The first year of the mortgage, you pay only $4,840 in principal but also pay $13,400 in interest! By year 30, almost your entire payment goes toward principal and only $437.00 for the entire year is paid in interest.
You've heard how compounding interest can make you rich as the bank pays you interest on interest. Well in a mortgage loan, that powerful principal works against you if you let it.
For example, you're told on most mortgages, your payment is due on the first of the month and delinquent on the 16th right? So many people pay somewhere between those two dates thinking they're keeping their loan current. But after the first of the month, you're actually paying interest upon interest to your disadvantage. If you continue to pay your loan payment AFTER the first of the month, your setting your loan up so it won't be finished in 30 years, it may take more payments or you'll owe a lump sum at the end. Remember, interest is charged DAILY. Every day you go past the first of the month, it costs you extra. So if you can, set up your life so that your monthly payment arrives at the lender before the first to save additional interest charges. Also don't fall for the offer to skip a payment made by some lenders. While this offer may assist you during a cash crunch (Note they usually offer this option toward the end of the year) that missed payment may cost you almost twice as much in the long run.
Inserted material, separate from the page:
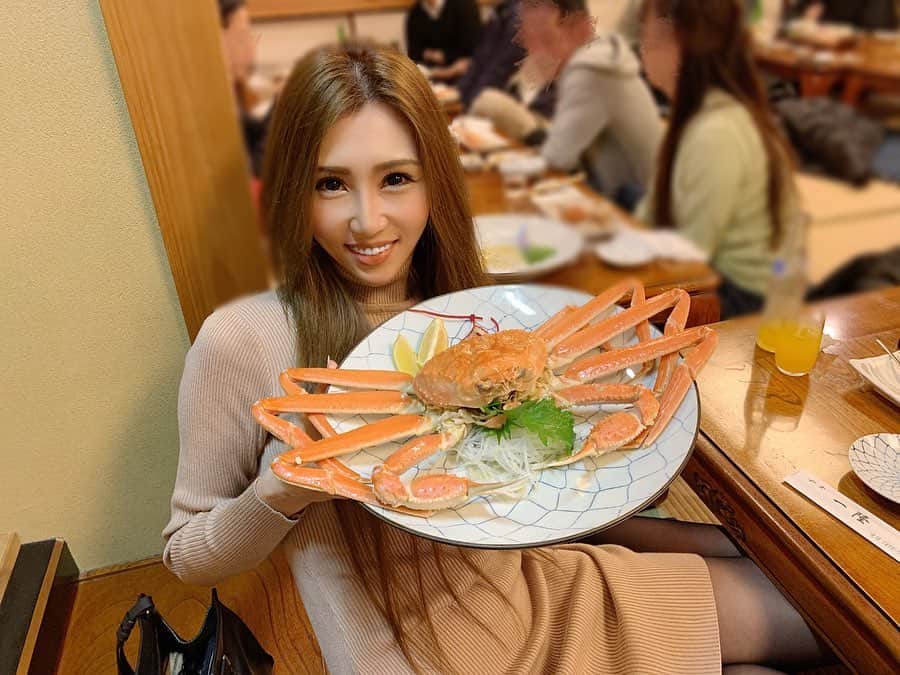 芹澤明日香のグルメインスタ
Also, most mortgages are simple interest loans (it's really not so simple, is it?). To see how this works, enter your loan information on a web site that will give you an amortization chart for your loan. Note that around year 15 you're paying about one half to principal and one half of your payment goes toward interest. That means the first half of the loan is the most expensive for the borrower. Since most people don't live in their house more than 10 years, lenders then get the opportunity to start all over again with a new buyer using the early more interest heavy payments. Now you know why so many people are begging you to set up your mortgage with them.
Since there usually are no penalties for paying a mortgage off sooner than 30 years, you can now use simple interest to your advantage. If it costs you $247,000 in mortgage interest in the above $300,000 example loan over 30 years, you may be surprised to learn that at the same interest rate, it will only cost you $113,000 in interest if you pay your loan over 15 years. That's a SAVINGS of approximately $134,000 in interest. Imagine what you could do with an additional $134,000 in your bank account! Think of the upgrades you can make on your house. And imagine the financial freedom you'll enjoy living in a paid-off house. To pay off your home in 15 years vs. 30, you have to step up your payments from $1,520 per month for a 30 year loan to $2,295 per month, an increase of $775 per month, or an extra $26.00 per day.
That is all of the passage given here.